You know that nice, opaque-looking plant-based plastic lid on your compostable eco-friendly coffee cup?

It’s not compostable. Not in any normal sense of the word.

They’re made from polylactic acid (PLA), which only breaks down above 60ºC. I know this because I once put a PLA lid in a worm farm for a year, then dug it out again. Despite the best efforts of 1000 tiger worms – and about a billion microbes – it emerged remarkably unmolested.

And look, there are companies like Innocent Packaging running full-circle composting collections for PLA, which sees it successfully broken down in hotter commercial facilities, but on the whole biodegradable plastics simply cannot be recycled. Instead, they belong in landfill, where they’ll keep your old toothbrush and your plastic bin liners company for a long, looooong time.
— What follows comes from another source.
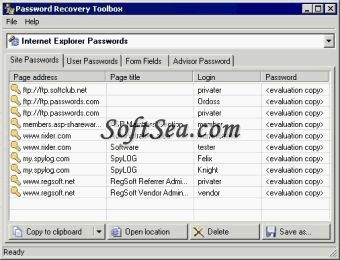 Internet Password Recovery Toolbox Screenshot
Recycling numbers aren’t recycling numbers

HDPE, PET, PVC, EPS… all those acronyms stamped on the bottom of your plastic containers, with a number from 1-7, all surrounded by that little triangular set of arrows that tells you it’s recyclable…

Yeah, sorry. That symbol is just the Resin Identification Code, which – especially now that China won’t take numbers 3-7 – by-and-large tells you what kind of plastic it is that you can’t recycle.

Ah, heck, let’s not be too cynical. There are actually outfits in New Zealand that will grind up type one plastic (PET) for local reuse. But as for the rest of it… don’t hold your breath.

So what should we do?

All right, that was depressing, so what about some positive ideas?

Well firstly, let’s take a breath and appreciate that our number-one earning industry, tourism, is almost entirely supported by the concept of New Zealand being unpolluted. As is much of the value-added part of the primary sector, for that matter.

That’s a pretty good case for investing in plastic pollution solutions, if you ask me – and if you really want to ring-fence that money, just go ahead and slap an eco-fee on every tourist who comes here. They should feel lucky to pay it. Then put the money towards a couple of decent ideas:

  1. A government-supported product stewardship system that rewards companies that meet or exceed sensible packaging rules. And yes, creates a headwind for those who don’t play ball. Because if New Zealand can beat the world to universal suffrage in the 19th century, surely we can prevent the sale of individually wrapped prunes in the 21st?
  2. A compostables pick-up for all city households, so we can reduce the volume of waste going to landfill by diverting it to commercial composting facilities (along with all those stupid compostable cups).
  3. An outright ban on single-use plastics. Because lollipop sticks made from cardboard were actually fine, and the fact that cigarette butts are made of plastic is frankly insane.

Greg Roughan is the former editor of Green Ideas magazine.